The origins of the term are intricately linked with the formation of capitalism itself. From the same root as borough or the city-making suffix -burg, bourgeois literally means “town-dweller” in Old French. The term was used to refer to the new class of artisans and tradesmen that formed the basis of the first European capitalist bourgs (walled market towns) of the 11th century. The city-dwelling bourgeoisie leveraged their position as mercantile intermediaries between the old feudal classes of landowners and serfs to create surplus capital for themselves, driving the rise of urban capitalism that ultimately led to industrialization. Marx traced this economic development to the formation of the bourgeois class, who exploit the working class by means of their private ownership of either the means of production, land, or both. He also used the term more broadly to describe the consumerist lifestyle of this new leisure class.

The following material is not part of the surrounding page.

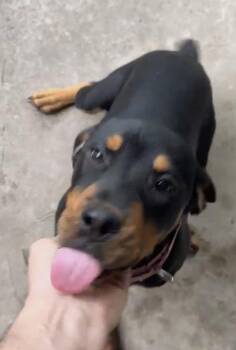Rottweiler Dogs Available for Adoption in Deering, New Hampshire - Tatum | PetCurious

Flash forward to more than 100 years after Marx’s death, and you can watch Atlanta rappers chant the term to an accompaniment of office supplies on The Tonight Show. Variants of the truncated term were used in Black American music as early as the late 1970s, when Gladys Knight mockingly chided her “bourgie” ex-lover (keeping the r from the French spelling on the word’s journey to Americanization) for getting lost in his newfound materialism to the detriment of his personal relationships. So when Migos brought bougie or boujee into mainstream usage in hip-hop and beyond, the meaning was hardly different from Marx’s original intention: exhibiting the conspicuous and materialistic consumption patterns of newly acquired class power. Perhaps when Offset confesses that he and his family “never really had no old money … we got a whole lot of new money, though,” he’s expressing something similar to the inner monologue of an early capitalist bourgeois artisan—a sentiment reflected simply in the Wednesday clue: “Affectedly luxe.”